Таким образом символизм прошел, по мысли Гумилёва, три стадии, и именно в результате того, что, последовательно пройдя их, символизм испробовал все доступные ему пути, он потенциально исчерпал свои художественные возможности, не открывая для развития поэзии новых, уже не опробованных ею перспектив.
Следует подчеркнуть, что, утверждая, будто символизм закончил свой круг развития, Гумилёв (это очевидно из его писавшихся в 1912- 1913 гг., как и позднейших, статей и рецензий) не ставил крест на творчестве Брюсова, Блока, Вяч. Иванова и других крупных поэтов-символистов (хотя именно так его статья, как и статья Городецкого, были поняты многими старшими современниками, вызвав у них, в частности у Блока, личную обиду и раздражение). Гумилёв стремился в меру своих сил дать объективную историко-литературную оценку символизма, показать внутреннюю закономерность трех охарактеризованных этапов его развития, сменивших друг друга и подготовивших новый его этап. Отсюда и общий вывод Гумилёва о том, что в ходе своего развития символизм исчерпал одну за другой открытые им перед развитием поэтического творчества возможности и перспективы. И в этой критико-аналитической своей части статья-манифест Гумилёва, думается, заслуживает от исследователей русского, французского и немецкого символизма более серьезного внимания, чем ей привыкли уделять те историки литературы у нас и за рубежом, которые рассматривали и рассматривают ее до сих пор лишь в свете утверждаемой в ней Гумилёвым литературной программы той поэтической молодежи, объединенной в Цехе поэтов, выразителем идей и настроений которой он себя сознавал.
Следует также подчеркнуть, что, утверждая программу акмеизма как поэтического направления, призванного историей сменить символизм, Гумилёв чрезвычайно высоко оценивает поэтическое наследие символистов, призывая своих последователей учесть неотъемлемые достижения символистов в области поэзии и опереться на них в своей работе — преодоления символизма, — без чего акмеисты не смогли бы стать достойными преемниками символистов.
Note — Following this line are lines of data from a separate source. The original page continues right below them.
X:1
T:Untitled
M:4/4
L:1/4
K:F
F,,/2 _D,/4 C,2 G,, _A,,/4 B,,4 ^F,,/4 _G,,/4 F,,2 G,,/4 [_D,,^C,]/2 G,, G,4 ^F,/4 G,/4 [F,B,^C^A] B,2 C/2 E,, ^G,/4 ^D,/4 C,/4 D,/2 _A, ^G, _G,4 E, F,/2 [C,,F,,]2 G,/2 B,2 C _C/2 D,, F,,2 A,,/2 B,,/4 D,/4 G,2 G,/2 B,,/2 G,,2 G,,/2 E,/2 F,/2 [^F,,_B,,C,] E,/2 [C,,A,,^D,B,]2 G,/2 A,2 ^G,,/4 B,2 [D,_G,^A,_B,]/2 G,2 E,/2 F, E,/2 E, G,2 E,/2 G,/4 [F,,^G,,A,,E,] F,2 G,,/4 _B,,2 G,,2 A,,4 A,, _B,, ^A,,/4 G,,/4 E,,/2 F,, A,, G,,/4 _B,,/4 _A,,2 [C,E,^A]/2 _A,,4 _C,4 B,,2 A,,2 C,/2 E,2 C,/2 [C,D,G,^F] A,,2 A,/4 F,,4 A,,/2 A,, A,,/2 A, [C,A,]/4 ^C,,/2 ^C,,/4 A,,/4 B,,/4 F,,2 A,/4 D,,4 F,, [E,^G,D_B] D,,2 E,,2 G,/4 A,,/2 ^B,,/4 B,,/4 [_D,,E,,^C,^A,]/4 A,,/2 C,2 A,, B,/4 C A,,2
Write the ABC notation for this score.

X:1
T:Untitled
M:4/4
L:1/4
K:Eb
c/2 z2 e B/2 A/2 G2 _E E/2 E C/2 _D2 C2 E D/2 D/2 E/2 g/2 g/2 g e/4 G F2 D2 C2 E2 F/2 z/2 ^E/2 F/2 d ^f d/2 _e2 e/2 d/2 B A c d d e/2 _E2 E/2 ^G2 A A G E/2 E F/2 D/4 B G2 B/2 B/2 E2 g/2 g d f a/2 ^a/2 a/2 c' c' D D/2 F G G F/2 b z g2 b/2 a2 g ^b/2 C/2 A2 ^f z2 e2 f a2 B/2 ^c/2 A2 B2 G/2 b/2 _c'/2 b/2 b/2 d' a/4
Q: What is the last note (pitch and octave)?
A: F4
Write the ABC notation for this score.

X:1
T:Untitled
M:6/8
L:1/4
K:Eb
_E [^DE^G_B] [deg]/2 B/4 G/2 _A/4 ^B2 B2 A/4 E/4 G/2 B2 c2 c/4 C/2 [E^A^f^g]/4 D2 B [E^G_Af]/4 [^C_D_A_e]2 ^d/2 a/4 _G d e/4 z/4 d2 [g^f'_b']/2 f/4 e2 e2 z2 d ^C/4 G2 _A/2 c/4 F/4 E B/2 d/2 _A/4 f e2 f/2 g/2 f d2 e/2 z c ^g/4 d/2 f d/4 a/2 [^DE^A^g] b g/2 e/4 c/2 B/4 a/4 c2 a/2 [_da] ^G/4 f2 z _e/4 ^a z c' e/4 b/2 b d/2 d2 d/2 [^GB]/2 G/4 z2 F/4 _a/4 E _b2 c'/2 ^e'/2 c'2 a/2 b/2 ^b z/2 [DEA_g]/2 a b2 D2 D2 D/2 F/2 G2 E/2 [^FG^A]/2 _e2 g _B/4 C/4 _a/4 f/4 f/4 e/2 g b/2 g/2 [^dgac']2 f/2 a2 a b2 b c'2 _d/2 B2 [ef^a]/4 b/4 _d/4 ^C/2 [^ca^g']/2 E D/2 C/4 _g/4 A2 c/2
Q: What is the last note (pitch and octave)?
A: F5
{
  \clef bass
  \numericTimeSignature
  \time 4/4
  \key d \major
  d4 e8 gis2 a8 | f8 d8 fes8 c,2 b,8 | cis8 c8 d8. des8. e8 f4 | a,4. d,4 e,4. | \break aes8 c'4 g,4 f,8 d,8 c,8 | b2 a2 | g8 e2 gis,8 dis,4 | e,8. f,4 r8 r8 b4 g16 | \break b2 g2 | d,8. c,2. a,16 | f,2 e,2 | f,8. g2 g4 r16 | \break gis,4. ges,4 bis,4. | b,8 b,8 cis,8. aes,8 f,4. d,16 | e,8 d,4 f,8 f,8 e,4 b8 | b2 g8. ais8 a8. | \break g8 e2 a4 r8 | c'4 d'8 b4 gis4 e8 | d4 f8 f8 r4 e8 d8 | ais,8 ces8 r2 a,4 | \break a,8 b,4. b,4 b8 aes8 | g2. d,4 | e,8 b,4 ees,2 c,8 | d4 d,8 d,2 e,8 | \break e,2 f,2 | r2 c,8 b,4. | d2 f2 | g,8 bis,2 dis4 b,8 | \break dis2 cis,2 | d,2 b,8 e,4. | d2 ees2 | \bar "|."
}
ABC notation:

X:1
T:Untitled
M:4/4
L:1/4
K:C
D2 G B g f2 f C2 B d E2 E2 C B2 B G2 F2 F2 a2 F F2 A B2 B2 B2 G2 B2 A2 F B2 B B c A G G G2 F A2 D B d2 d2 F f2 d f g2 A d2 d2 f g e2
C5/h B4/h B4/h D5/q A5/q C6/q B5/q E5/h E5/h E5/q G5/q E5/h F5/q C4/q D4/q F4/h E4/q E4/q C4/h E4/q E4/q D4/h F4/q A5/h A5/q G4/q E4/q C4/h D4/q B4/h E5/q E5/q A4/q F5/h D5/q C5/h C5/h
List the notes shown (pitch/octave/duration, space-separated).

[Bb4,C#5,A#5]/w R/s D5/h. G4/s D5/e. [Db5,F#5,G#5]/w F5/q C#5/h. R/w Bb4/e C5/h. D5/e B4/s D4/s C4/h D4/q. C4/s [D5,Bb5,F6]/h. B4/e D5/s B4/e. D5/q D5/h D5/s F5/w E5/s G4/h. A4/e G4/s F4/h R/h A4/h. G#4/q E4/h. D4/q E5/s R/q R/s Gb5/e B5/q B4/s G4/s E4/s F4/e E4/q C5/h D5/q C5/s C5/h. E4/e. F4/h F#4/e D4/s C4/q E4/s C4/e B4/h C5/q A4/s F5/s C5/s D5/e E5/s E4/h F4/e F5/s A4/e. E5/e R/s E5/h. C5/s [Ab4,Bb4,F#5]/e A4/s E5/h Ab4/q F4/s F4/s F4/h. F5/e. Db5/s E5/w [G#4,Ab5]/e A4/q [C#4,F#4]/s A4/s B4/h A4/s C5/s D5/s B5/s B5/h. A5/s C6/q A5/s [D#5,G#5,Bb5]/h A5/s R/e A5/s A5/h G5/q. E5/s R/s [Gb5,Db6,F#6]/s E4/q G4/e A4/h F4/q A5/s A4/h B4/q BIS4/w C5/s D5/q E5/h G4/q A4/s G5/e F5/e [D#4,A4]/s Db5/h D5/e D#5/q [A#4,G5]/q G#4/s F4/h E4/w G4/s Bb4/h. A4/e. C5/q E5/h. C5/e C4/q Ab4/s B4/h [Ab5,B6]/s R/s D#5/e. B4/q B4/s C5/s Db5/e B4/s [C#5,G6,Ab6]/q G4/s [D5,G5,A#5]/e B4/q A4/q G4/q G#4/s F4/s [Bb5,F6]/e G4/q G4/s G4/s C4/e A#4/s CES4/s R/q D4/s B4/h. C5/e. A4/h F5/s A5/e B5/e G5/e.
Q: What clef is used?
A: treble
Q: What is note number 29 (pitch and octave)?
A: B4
Наиболее уязвима и противоречива в статье-манифесте Гумилёва была позитивная ее часть. Гумилёв стремился освободить поэзию от слиянности субъективных образов и вещей, направив ее к предметности, конкретности и жизненности, знаменем которых в его глазах было творчество Вийона, Рабле и Шекспира. К этим трем именам он присоединяет имя Т. Готье как художника, влюбленного в искусство слова, исполненного веры в его безграничные возможности, отыскавшего для выражения жизни в искусстве «достойные одежды безупречных форм» (176). Отсюда призыв Гумилёва освободить поэта от несвойственной ему задачи «познания Бога» и, не пытаясь, по примеру символистов, познать непознаваемое, предпочесть «детски-мудрое, до боли сладкое ощущение» (175) прелести и полноты земного, посюстороннего мира, включающего в себя как эстетически равные друг другу ценности «и Бога, и порок, и смерть, и бессмертие» (176). При этом Гумилёв отчасти, может, сам вполне не сознавая, как уже отмечено выше, вольно или невольно рвет с наиболее коренной, принципиальной основой русской классической поэзии, которая, хотя и в преображенном виде, продолжала составлять жизненный нерв стихотворений Блока и других лучших произведений поэтов-символистов. Пушкинские формулы «поэта-эха», «поэта-пророка» сменяются в эстетике Гумилёва 10-х годов образом поэта, хотя и «причастного» «мировому ритму» (173), но отказывающегося от права быть его художественным выразителем. Критикуя «неврастению» и мистические идеалы поэтов-символистов, Гумилёв обращается к своим последователям с призывом смотреть ясно в глаза жизни, относясь с любовью к «самоценности» каждого явления, довольствуясь отчетливым его поэтическим изображением. Объективно это могло стать путем к примирению с тем «страшным миром», против которого восставал и который не принимал Блок.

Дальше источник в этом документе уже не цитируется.